A 2023 rendering shows a reimagined entrance to The Central Park, a mixed-use development on the northeast corner of Central Avenue and Indian School Road in Phoenix (rendering courtesy of Pivotal Group).

A massive development that sits on just under 18 acres at the northeast corner of Central Avenue and Indian School Road in Phoenix, and was approved in 2019, is headed back to the city this month, as the developers seek to make modifications to the project.

Known as The Central Park, the project, as proposed and approved by Phoenix City Council July 3, 2019, featured a total of 600 residential units (150 for-sale condos, 250 market rate apartments and a 200-unit active senior living residence), a 200-room hotel, 760,000 square feet of commercial space, and 170,000 square feet of ground-level retail and restaurants, even a movie theater.

Fast forward to July 2023, and the developer/owner of the property, Pivotal Group,  is seeking to modify a handful of stipulations to “allow the development of a modern urban mixed-use development as envisioned by original approvals,” according to its Planning Hearing Officer (PHO) application (PHO-1-23—Z-9-19-4).

What has changed?
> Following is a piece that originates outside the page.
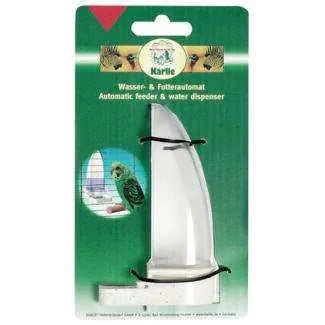 Karlie Wasser- und Futterautomat für Vögel - 110 ml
In total, The Central Park, as reimagined for 2023, will downgrade to some 78,000 square feet of ground-floor retail and restaurant space, to include a market/grocer space, and 245,000 square feet of office space, and increase the number of residential units to 1,450. Included in the residential mix are a 320-unit senior independent living community, a 21-story condo tower and 21-story residential tower.

How it started…How it’s going

Renderings show a comparison of The Central Park, as approved in 2019 (top), and an areal view of the 2023 reimagined project (renderings courtesy of Pivotal Group).

Included with the original 2019 approval were more than 20 stipulations, conditions for approval, put in place by the City of Phoenix Planning & Development Department that addressed open space, public walkways, and not only pedestrian access to Steele Indian School Park but a diagonal view through the development from the intersection corner that would focus on the park’s historic cafeteria tower and on the distant mountain views to the northeast, among other issues.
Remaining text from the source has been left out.